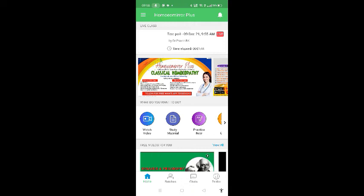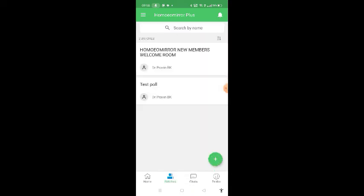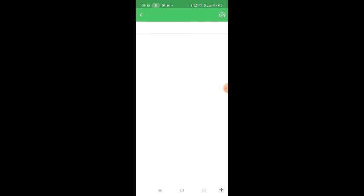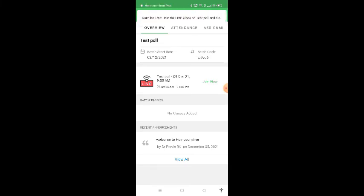There is one more way to join the live session. From the bottom menu, you have to click on batches. You have to click on the batch where the discussion is supposed to happen. Then you can see that it says 'Join now, it's going live.' Click on that join now and you will directly join the live session.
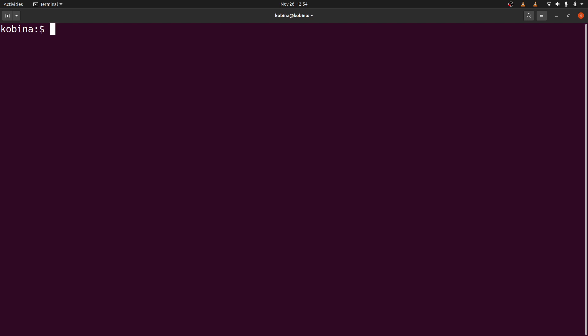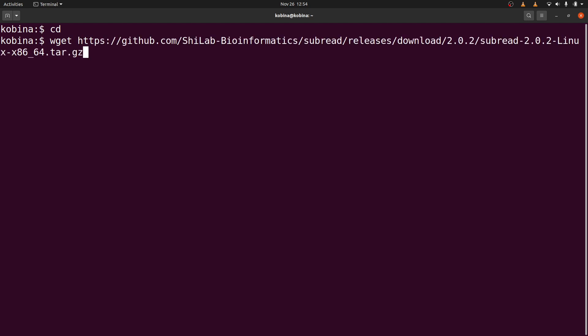So on the terminal, I'll first cd to my home directory. Then I'll use wget to download the binaries, so I'll say wget and then I'll supply it with a link. So this is a tar file, so I'll execute this command to download it.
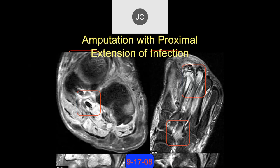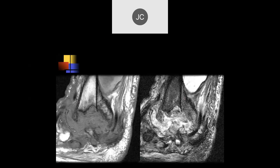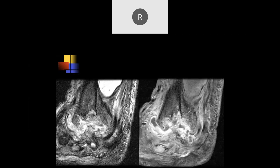Looking at the hindfoot, there's a lot of destructive change. You don't see much of a calcaneus or talus — this is all abscess and phlegmon. If you give contrast now, there's something going up proximally that is concerning.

To do » Would you please give the material above again, unchanged but without pictures?

Task output »
There is one more way to join the live session. From the bottom menu, you have to click on batches. You have to click on the batch where the discussion is supposed to happen. Then you can see that it says 'Join now, it's going live.' Click on that join now and you will directly join the live session.
So on the terminal, I'll first cd to my home directory. Then I'll use wget to download the binaries, so I'll say wget and then I'll supply it with a link. So this is a tar file, so I'll execute this command to download it.
Looking at the hindfoot, there's a lot of destructive change. You don't see much of a calcaneus or talus — this is all abscess and phlegmon. If you give contrast now, there's something going up proximally that is concerning.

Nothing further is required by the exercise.